• _Aim of the exercise_:
An exact transcription is needed of the lines below from the one with "bride and groom kissing at the altar" through the one with "Young man holds", with no other lines and no pictures.

Data in this exercise below:

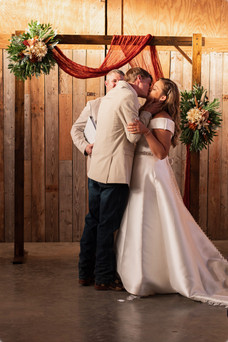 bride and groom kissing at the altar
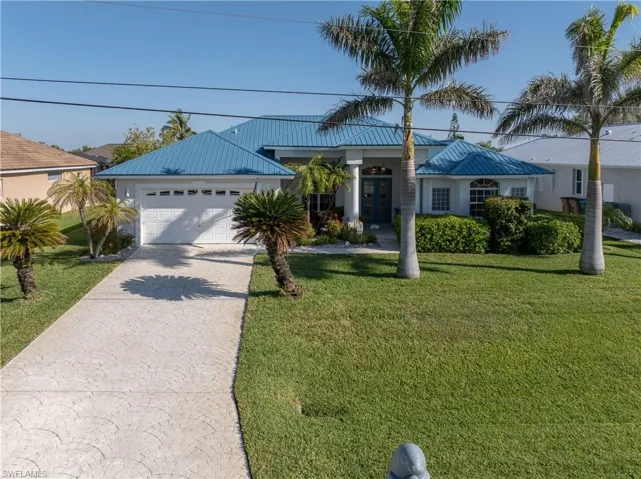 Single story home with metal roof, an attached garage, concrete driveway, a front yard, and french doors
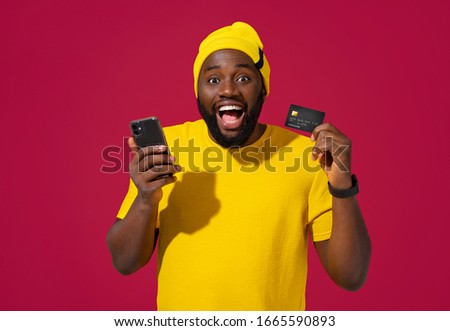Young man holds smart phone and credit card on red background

End of Data in this exercise.
Data in this exercise below:

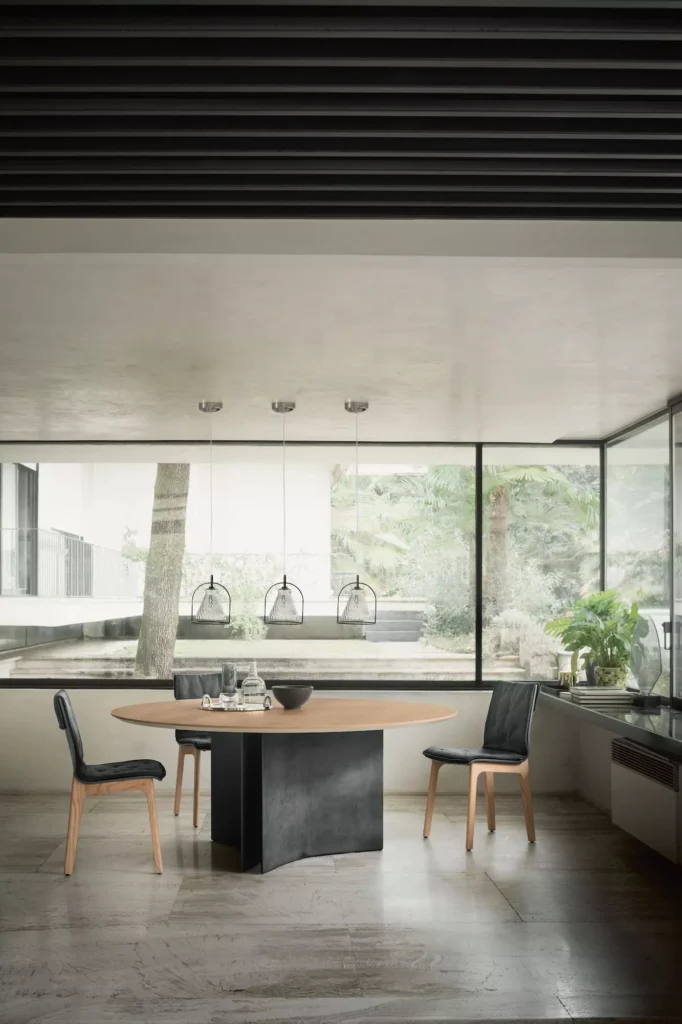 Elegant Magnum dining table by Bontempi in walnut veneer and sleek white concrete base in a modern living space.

End of Data in this exercise.
Data in this exercise below:

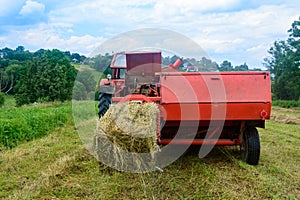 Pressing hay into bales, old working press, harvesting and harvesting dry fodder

End of Data in this exercise.

• _Answer to the exercise_:
 bride and groom kissing at the altar
 Single story home with metal roof, an attached garage, concrete driveway, a front yard, and french doors
Young man holds smart phone and credit card on red background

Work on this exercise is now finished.